About using GradScaler() for not only one model in a training progress

Hedwig_Huang · September 3, 2022, 4:56am

Hi there. For saving the GPU memory, I use FP16 in my work just like nnUNet did, they defined a GradScaler() for updating the gradients and stuff. But I modified the code for my own usage:

For updating loss and optimizer for twice.

Compared with the original update order like optimizer1.step(), and optimizer2.step() followed.What’s the difference? Can it work normally as we want?

And here, with the example provided Pytorch[AUTOMATIC MIXED PRECISION PACKAGE - TORCH.AMP] as below:

scaler.scale(loss).backward()
scaler.unscale_(optimizer)
torch.nn.utils.clip_grad_norm_(model.parameters(), max_norm)
scaler.step(optimizer)
scaler.update()

for update optimizer1 and optimizer2, I change the code like this:

scaler.scale(loss).backward()
scaler.unscale_(optimizer1)
scaler.unscale_(optimizer2)  # new
torch.nn.utils.clip_grad_norm_(model1.parameters(), max_norm)
torch.nn.utils.clip_grad_norm_(model2.parameters(), max_norm)  # new
scaler.step(optimizer1)
scaler.step(optimizer2)  # new
scaler.update()

But cause such error:

AssertionError: No inf checks were recorded for this optimizer.

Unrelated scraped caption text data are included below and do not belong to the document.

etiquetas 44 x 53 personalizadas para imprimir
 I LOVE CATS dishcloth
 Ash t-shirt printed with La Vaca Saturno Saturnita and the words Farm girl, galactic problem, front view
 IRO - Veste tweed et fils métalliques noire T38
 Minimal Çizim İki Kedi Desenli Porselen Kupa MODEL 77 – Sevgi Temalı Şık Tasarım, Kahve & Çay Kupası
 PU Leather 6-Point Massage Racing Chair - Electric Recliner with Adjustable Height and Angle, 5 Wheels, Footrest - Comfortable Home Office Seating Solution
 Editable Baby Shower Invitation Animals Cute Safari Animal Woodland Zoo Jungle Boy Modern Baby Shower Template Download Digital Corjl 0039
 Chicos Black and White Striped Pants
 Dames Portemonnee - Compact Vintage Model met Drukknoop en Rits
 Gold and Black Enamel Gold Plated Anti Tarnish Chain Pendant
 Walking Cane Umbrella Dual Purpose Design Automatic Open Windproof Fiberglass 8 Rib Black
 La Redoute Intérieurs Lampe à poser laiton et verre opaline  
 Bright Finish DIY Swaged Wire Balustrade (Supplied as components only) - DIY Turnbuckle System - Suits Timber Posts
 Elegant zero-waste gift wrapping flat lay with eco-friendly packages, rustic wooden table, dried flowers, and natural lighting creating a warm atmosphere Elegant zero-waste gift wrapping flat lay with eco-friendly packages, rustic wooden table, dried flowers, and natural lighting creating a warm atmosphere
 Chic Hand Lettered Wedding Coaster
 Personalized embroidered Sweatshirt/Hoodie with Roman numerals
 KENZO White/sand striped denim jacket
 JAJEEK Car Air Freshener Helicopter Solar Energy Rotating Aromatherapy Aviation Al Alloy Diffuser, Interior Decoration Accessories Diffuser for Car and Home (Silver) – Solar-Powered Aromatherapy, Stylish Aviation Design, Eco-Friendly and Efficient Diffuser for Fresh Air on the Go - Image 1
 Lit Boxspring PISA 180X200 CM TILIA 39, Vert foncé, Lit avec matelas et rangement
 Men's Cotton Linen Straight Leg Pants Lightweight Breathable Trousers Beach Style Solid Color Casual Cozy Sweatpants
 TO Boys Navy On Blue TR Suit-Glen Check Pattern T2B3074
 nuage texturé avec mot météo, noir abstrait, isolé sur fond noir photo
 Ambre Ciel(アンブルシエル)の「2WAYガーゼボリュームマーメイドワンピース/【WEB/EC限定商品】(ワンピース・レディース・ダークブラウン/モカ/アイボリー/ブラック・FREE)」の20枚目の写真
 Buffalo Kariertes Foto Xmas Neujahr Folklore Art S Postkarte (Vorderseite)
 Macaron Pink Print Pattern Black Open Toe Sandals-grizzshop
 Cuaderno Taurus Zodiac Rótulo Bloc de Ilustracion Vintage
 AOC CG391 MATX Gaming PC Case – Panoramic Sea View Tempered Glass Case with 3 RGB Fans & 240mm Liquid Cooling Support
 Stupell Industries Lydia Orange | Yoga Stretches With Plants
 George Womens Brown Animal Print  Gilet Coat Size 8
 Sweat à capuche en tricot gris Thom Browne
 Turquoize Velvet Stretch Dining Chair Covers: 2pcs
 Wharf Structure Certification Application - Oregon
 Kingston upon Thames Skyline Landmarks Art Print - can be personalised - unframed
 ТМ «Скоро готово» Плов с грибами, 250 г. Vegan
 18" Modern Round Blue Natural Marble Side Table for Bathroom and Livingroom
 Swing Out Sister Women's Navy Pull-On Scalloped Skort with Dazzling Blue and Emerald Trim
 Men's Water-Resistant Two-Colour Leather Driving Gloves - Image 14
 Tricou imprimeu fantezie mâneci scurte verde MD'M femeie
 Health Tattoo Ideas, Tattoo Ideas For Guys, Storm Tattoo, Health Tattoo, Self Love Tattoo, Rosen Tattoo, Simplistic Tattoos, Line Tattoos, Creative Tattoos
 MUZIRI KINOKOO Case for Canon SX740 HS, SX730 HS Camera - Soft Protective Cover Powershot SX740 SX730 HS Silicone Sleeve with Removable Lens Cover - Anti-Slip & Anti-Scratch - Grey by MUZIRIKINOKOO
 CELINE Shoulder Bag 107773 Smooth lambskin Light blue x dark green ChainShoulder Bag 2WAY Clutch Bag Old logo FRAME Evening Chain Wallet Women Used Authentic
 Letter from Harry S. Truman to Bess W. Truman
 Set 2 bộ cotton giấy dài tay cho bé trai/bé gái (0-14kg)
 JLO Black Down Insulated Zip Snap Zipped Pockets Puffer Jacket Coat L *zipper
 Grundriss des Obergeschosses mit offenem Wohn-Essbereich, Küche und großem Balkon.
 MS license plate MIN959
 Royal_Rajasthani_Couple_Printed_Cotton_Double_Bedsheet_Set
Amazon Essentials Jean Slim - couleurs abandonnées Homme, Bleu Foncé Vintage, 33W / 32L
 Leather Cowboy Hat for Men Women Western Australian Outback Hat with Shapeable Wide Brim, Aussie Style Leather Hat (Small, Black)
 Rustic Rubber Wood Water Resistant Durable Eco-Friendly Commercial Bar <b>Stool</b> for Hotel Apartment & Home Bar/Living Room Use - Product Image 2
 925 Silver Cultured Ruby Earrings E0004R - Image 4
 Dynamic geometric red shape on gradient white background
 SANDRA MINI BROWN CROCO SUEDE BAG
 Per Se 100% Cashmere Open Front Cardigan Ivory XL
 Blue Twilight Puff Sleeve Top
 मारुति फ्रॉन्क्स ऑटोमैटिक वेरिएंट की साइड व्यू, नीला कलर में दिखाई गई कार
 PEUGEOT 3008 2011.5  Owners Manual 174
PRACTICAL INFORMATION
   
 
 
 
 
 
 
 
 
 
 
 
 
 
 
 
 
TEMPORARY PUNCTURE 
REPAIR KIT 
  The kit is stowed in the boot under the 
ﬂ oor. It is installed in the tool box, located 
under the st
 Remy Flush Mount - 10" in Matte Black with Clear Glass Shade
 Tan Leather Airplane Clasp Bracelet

The example for loss is in : For loss update twice in Gradscaler.scale(loss).backward()

How can I run FP16 with Gradscaler for updating optimizer/loss for twice?
Thank you!

Hedwig_Huang · September 3, 2022, 5:01am

Or i should just defined two different scaler, but how can I update my loss?

ptrblck · September 3, 2022, 5:22am

Your general code works correctly as seen here:

model1 = nn.Linear(1, 1).cuda()
model2 = nn.Linear(1, 1).cuda()
optimizer1 = torch.optim.Adam(model1.parameters(), lr=1e-3)
optimizer2 = torch.optim.Adam(model2.parameters(), lr=1e-3)

scaler = torch.cuda.amp.GradScaler()

for _ in range(10):
    x = torch.randn(1, 1).cuda()
    with torch.cuda.amp.autocast():
        out = model1(x)
        out = model2(out)
        loss = out.mean()
    
    
    scaler.scale(loss).backward()
    scaler.unscale_(optimizer1)
    scaler.unscale_(optimizer2)  # new
    max_norm = 1.
    torch.nn.utils.clip_grad_norm_(model1.parameters(), max_norm)
    torch.nn.utils.clip_grad_norm_(model2.parameters(), max_norm)  # new
    scaler.step(optimizer1)
    scaler.step(optimizer2)  # new
    scaler.update()

and I cannot reproduce the reported error.

Hedwig_Huang · September 4, 2022, 5:39am

I found your code is work for me, too, when I tried it in the console. But can’t still fix the AssertionError, and I know that it seems work for GradScaler().

But reported for the other bug not related with it. Now I n-checked my code and I got what’s wrong and no errors report.

Thanks a lot!

ptrblck · September 4, 2022, 6:47am

Good to hear you’ve found the issue! Would you mind explaining what went wrong in your code as I would be interested what has raised the error?

Hedwig_Huang · September 7, 2022, 1:41am

It sounds dumb , for the mean-teacher framework, I am training my work with loading weigths for teacher model from trained model, and I forgot to remove the teacher model from the part of torch.no_grad(), so there is not any gradients feed back, might be why this AssertionError cause.
After fixed this, no errors reported anymore.